The v2.0 submissions additionally included a way more various set of technical approaches to delivering high-performance storage for AI coaching, together with:
6 native storage options;
2 options utilizing in-storage accelerators;
13 software-defined options;
12 block techniques;
16 on-prem shared storage options;
2 object shops.
“Necessity continues to be the mom of invention: confronted with the necessity to ship storage options which are each high-performance and at unprecedented scale, the technical neighborhood has stepped up as soon as once more and is innovating at a livid tempo,” mentioned Balmau.
The MLPerf Storage benchmark was created by way of a collaborative engineering course of by 35 main storage answer suppliers and educational analysis teams throughout 3 years. The open-source and peer-reviewed benchmark suite affords a stage enjoying area for competitors that drives innovation, efficiency, and vitality effectivity for the complete business. It additionally offers essential technical info for patrons who’re procuring and tuning AI coaching techniques.
The v2.0 benchmark outcomes, from a broad set of expertise suppliers, replicate the business’s recognition of the significance of high-performance storage options. MLPerf Storage v2.0 contains >200 efficiency outcomes from 26 submitting organizations: Alluxio, Argonne Nationwide Lab, DDN, ExponTech, FarmGPU, H3C, Hammerspace, HPE, JNIST/Huawei, Juicedata, Kingston, KIOXIA, Lightbits Labs, MangoBoost, Micron, Nutanix, Oracle, Quanta Laptop, Samsung, Sandisk, Simplyblock, TTA, UBIX, IBM, WDC, and YanRong. The submitters characterize seven totally different international locations, demonstrating the worth of the MLPerf Storage benchmark to the worldwide neighborhood of stakeholders.

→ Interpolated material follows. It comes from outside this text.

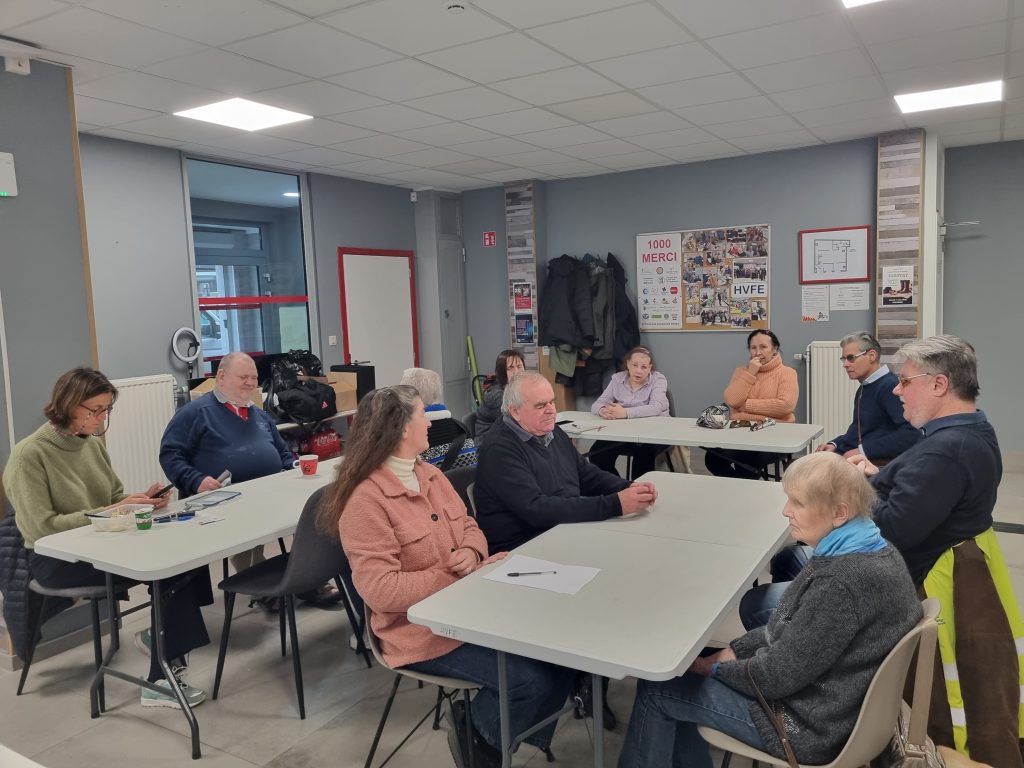 Photo de groupe:
Table de gauche: Oriane et Xavier, 
Table du fond: les deux Nathalie et Jean-Pierre,
Table de gauche: Karen, Laurent et Blanche.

“The MLPerf Storage benchmark has set new data for an MLPerf benchmark, each for the variety of organizations taking part and the overall variety of submissions,” mentioned David Kanter, Head of MLPerf at MLCommons. The AI neighborhood clearly sees the significance of our work in publishing correct, dependable, unbiased efficiency knowledge on storage techniques, and it has stepped up globally to be part of it. I’d particularly prefer to welcome first-time submitters Alluxio, ExponTech, FarmGPU, H3C, Kingston, KIOXIA, Oracle, Quanta Laptop, Samsung, Sandisk, TTA, UBIX, IBM, and WDC.”

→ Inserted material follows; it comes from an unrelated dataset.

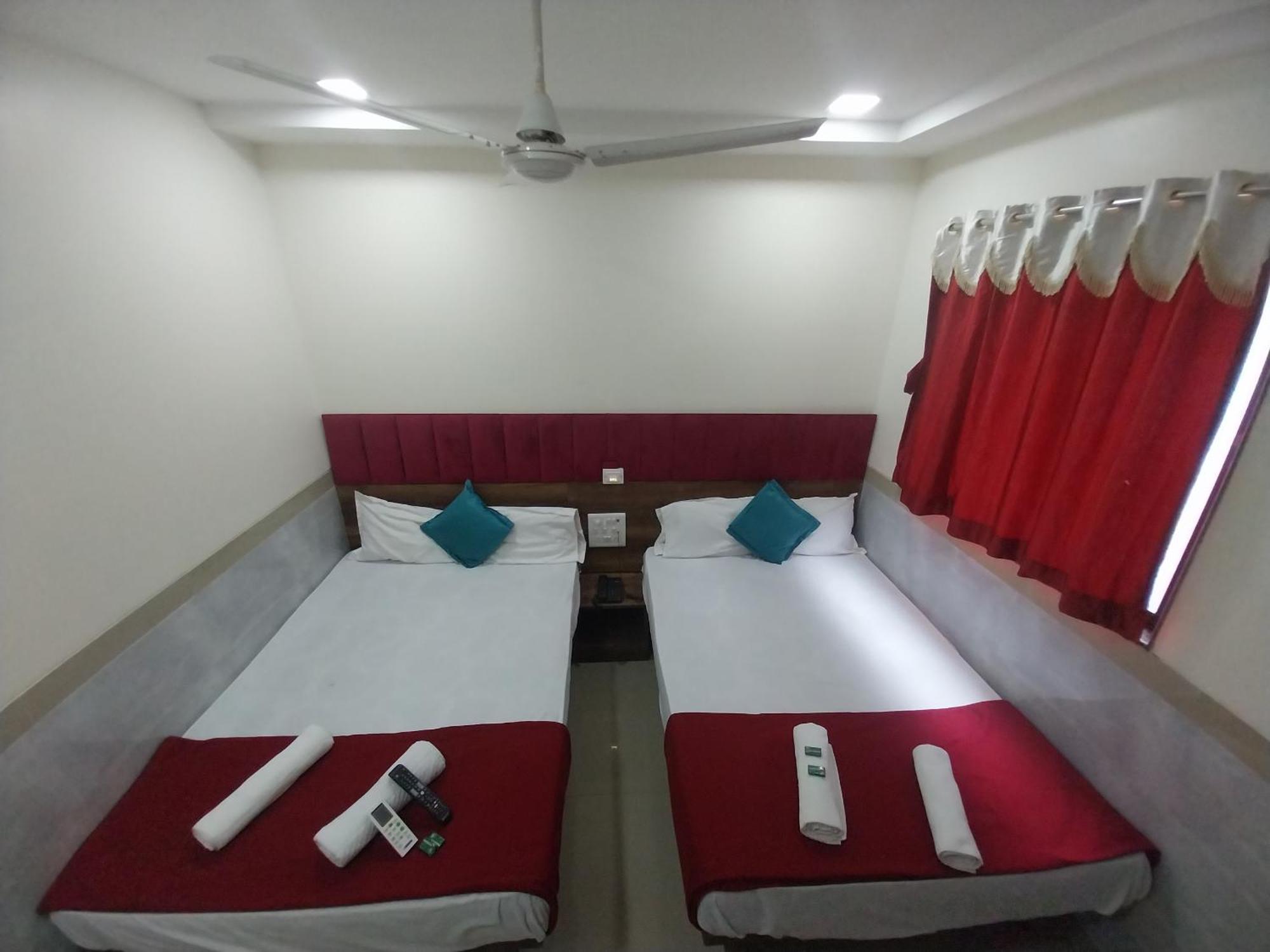 Hotel New Balaji Residency Mumbai Bagian luar foto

“This stage of participation is a game-changer for benchmarking: it allows us to overtly publish extra correct and extra consultant knowledge on real-world techniques,” Kanter continued. That, in flip, provides the stakeholders on the entrance strains the data and instruments they should succeed at their jobs. The checkpoint benchmark outcomes are a wonderful living proof: now that we are able to measure checkpoint efficiency, we are able to take into consideration optimizing it.”